# Exercise aim
Each line in the entries below that holds the word "Bedroom" belongs in the answer.

Extracted records
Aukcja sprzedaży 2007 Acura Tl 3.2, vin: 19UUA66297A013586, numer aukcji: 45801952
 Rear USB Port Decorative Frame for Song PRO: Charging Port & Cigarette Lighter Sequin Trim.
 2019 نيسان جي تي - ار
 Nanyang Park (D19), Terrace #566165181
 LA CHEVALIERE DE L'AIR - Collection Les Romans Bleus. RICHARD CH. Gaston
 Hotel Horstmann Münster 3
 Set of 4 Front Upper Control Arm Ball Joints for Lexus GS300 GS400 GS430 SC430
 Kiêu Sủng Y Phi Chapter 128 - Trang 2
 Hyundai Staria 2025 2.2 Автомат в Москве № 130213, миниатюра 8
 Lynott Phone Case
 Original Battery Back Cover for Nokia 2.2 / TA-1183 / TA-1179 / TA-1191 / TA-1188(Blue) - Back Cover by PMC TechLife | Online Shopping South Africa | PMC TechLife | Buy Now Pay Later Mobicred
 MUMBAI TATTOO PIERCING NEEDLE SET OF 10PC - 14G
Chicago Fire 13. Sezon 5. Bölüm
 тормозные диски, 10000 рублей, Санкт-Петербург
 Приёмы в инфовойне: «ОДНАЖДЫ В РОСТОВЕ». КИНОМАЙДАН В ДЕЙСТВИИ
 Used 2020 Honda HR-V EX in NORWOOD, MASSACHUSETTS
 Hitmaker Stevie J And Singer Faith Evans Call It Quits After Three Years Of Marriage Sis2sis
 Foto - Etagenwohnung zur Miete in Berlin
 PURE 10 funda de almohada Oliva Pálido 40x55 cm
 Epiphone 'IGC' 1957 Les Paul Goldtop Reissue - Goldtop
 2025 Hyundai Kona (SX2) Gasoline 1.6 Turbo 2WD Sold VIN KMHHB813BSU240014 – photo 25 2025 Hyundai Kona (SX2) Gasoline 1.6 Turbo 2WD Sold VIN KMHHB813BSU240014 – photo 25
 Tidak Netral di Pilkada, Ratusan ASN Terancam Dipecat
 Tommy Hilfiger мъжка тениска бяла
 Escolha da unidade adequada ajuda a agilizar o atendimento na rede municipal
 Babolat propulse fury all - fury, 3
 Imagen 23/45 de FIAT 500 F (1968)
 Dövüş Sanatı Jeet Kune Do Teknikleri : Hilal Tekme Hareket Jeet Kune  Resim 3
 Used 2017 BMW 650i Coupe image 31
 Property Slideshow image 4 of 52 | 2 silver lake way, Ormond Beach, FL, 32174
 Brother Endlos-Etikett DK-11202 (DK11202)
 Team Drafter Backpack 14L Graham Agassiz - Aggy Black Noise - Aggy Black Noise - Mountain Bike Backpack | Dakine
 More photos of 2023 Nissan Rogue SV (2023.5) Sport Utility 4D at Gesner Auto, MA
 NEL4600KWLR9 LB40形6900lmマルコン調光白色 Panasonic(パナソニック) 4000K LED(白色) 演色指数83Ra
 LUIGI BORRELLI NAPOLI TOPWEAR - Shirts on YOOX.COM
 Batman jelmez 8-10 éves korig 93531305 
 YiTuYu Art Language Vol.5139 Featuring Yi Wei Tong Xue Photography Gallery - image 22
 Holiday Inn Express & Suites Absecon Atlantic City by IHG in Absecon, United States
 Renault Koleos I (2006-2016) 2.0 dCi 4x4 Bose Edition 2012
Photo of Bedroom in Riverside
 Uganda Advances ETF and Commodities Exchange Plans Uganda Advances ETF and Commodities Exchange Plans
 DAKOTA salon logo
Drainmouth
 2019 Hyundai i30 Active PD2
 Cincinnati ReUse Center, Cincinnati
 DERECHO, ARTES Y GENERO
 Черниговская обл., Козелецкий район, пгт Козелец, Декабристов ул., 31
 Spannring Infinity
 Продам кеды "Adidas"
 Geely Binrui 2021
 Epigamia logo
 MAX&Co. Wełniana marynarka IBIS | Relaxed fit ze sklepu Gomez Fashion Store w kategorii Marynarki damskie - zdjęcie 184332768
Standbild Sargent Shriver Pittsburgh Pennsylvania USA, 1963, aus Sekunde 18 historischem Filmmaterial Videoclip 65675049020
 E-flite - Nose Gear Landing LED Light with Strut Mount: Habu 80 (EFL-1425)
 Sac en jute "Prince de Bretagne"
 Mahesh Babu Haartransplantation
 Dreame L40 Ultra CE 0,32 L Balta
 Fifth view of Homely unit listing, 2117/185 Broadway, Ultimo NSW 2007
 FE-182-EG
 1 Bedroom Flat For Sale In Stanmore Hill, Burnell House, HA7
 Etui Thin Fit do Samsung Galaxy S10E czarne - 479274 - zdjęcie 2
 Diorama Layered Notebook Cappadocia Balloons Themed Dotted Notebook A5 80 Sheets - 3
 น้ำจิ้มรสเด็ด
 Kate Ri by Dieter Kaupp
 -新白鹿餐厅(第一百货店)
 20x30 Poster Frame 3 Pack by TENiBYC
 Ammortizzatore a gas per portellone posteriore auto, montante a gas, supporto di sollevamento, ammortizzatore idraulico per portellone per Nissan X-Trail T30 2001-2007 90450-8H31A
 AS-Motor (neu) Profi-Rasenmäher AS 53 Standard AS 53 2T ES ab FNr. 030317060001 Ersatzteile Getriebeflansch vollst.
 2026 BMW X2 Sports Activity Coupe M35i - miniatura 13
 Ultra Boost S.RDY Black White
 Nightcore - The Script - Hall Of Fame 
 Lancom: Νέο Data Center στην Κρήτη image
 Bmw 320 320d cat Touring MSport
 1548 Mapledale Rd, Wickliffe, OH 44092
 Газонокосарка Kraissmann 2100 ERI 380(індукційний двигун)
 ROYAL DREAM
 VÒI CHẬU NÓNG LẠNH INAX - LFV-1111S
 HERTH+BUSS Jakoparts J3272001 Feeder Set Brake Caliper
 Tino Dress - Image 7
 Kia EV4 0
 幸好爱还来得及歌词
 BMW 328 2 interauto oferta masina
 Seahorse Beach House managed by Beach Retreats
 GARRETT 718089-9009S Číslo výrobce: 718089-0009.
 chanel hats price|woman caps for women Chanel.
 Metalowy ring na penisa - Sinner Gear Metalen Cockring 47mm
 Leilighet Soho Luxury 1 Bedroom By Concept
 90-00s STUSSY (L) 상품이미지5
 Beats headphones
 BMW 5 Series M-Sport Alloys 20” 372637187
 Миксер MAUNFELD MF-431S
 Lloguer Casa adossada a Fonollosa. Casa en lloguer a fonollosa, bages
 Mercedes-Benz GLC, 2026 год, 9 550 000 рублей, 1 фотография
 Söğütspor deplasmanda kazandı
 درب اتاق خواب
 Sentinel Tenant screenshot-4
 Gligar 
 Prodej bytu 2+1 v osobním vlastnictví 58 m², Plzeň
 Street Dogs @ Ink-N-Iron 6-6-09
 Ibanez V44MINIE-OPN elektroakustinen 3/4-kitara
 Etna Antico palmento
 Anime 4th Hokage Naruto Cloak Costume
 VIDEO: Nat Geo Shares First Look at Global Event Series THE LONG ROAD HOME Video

# Solution to this problem
Photo of Bedroom in Riverside
 1 Bedroom Flat For Sale In Stanmore Hill, Burnell House, HA7
 Leilighet Soho Luxury 1 Bedroom By Concept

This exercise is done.